EXTRACTED MATERIAL START
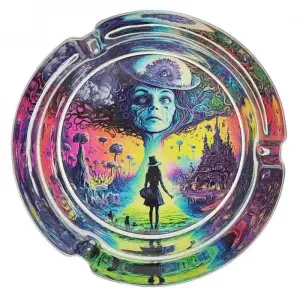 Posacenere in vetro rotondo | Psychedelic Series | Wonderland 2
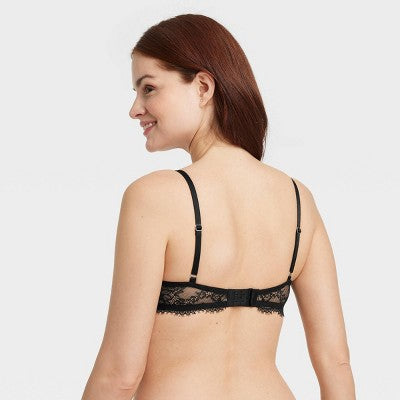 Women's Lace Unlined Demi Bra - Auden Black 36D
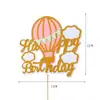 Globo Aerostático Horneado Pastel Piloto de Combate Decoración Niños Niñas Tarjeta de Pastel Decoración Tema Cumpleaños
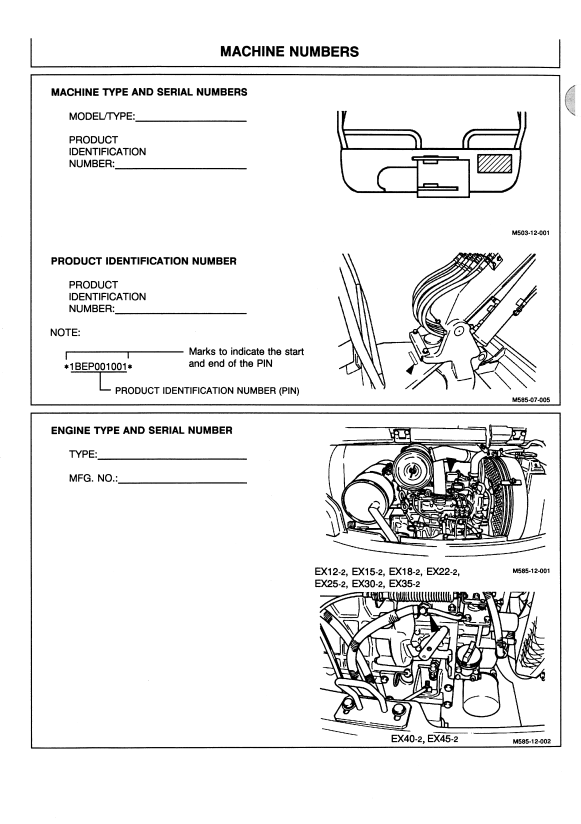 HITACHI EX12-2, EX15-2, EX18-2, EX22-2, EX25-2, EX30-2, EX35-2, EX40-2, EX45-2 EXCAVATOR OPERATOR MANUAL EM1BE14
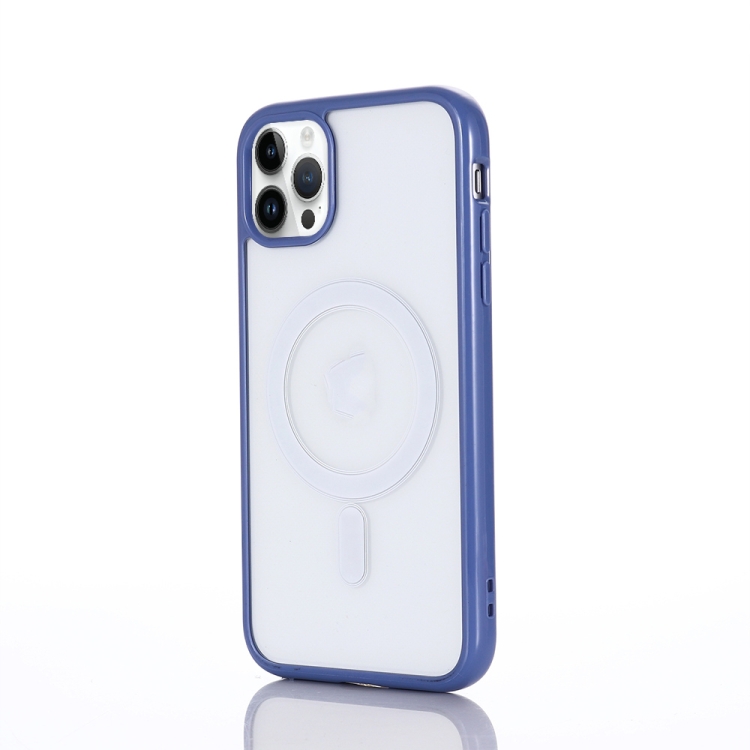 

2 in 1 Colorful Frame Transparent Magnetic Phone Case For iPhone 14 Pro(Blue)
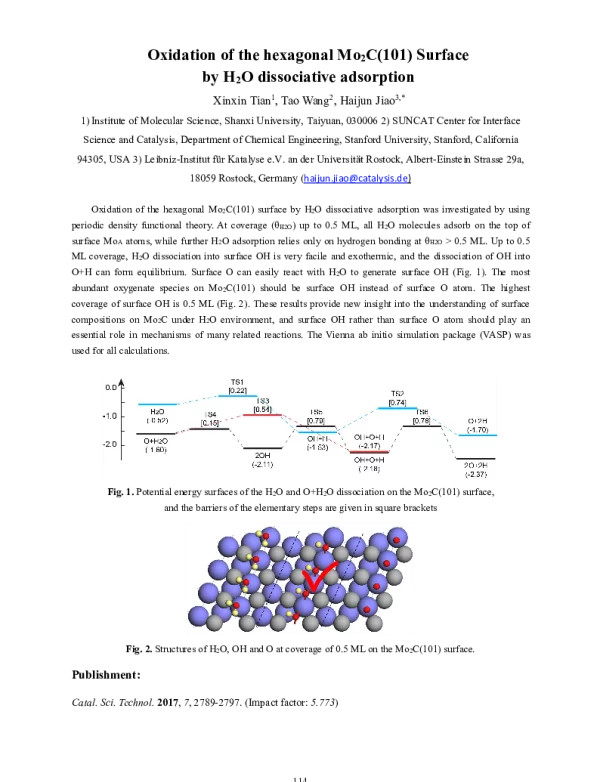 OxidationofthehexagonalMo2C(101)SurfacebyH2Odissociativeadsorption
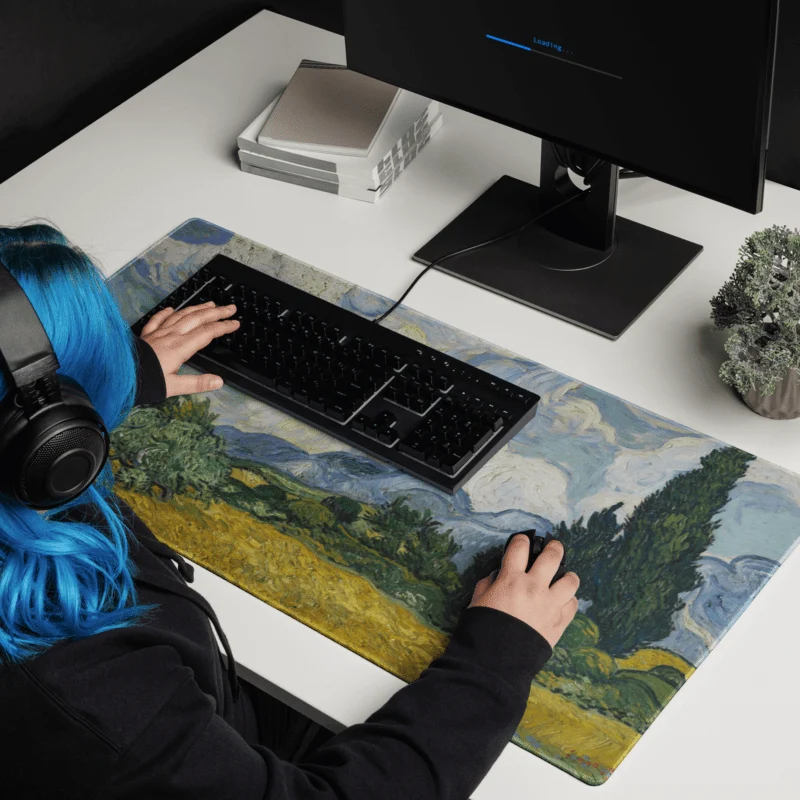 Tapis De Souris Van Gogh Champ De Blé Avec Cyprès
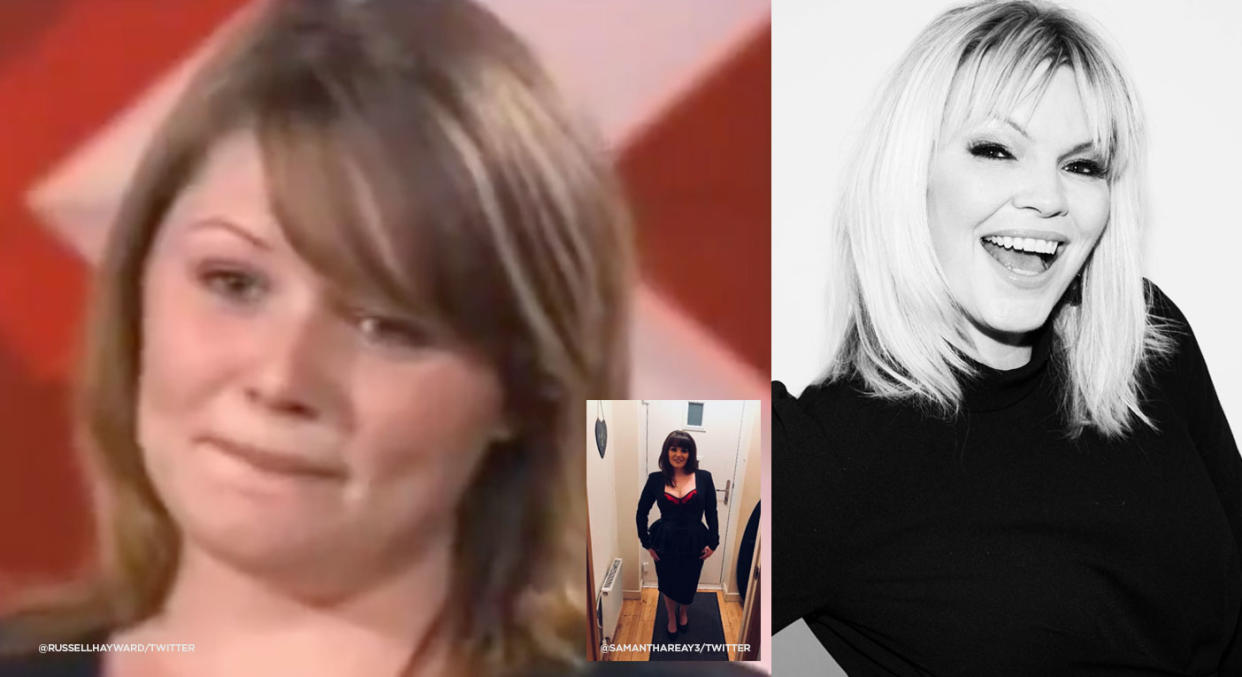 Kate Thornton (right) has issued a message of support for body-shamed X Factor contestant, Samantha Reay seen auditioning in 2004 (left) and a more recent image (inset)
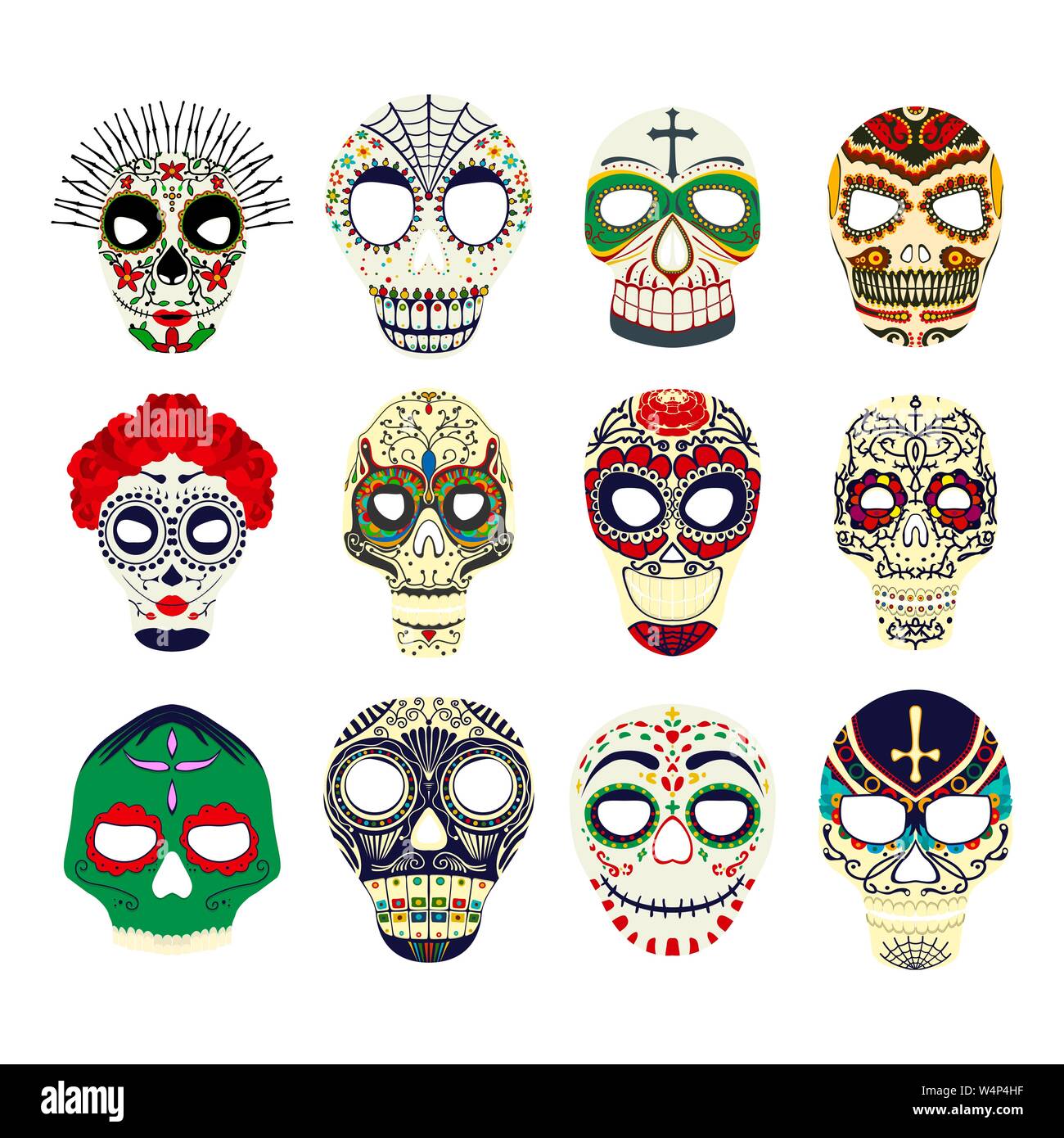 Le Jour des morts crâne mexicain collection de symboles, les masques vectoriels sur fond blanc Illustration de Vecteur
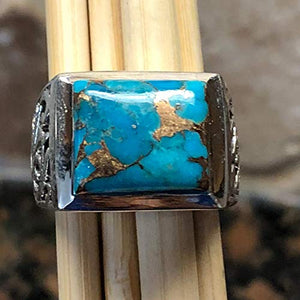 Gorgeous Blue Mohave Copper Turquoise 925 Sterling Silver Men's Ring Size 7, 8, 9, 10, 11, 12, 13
EXTRACTED MATERIAL END
● **YOUR ASSIGNMENT**: Transcribe the entries word for word, without their pictures.

● **SOLUTION TO THIS TASK**:
 Posacenere in vetro rotondo | Psychedelic Series | Wonderland 2
 Women's Lace Unlined Demi Bra - Auden Black 36D
 Globo Aerostático Horneado Pastel Piloto de Combate Decoración Niños Niñas Tarjeta de Pastel Decoración Tema Cumpleaños
 HITACHI EX12-2, EX15-2, EX18-2, EX22-2, EX25-2, EX30-2, EX35-2, EX40-2, EX45-2 EXCAVATOR OPERATOR MANUAL EM1BE14

2 in 1 Colorful Frame Transparent Magnetic Phone Case For iPhone 14 Pro(Blue)
 OxidationofthehexagonalMo2C(101)SurfacebyH2Odissociativeadsorption
 Tapis De Souris Van Gogh Champ De Blé Avec Cyprès
 Kate Thornton (right) has issued a message of support for body-shamed X Factor contestant, Samantha Reay seen auditioning in 2004 (left) and a more recent image (inset)
 Le Jour des morts crâne mexicain collection de symboles, les masques vectoriels sur fond blanc Illustration de Vecteur
 Gorgeous Blue Mohave Copper Turquoise 925 Sterling Silver Men's Ring Size 7, 8, 9, 10, 11, 12, 13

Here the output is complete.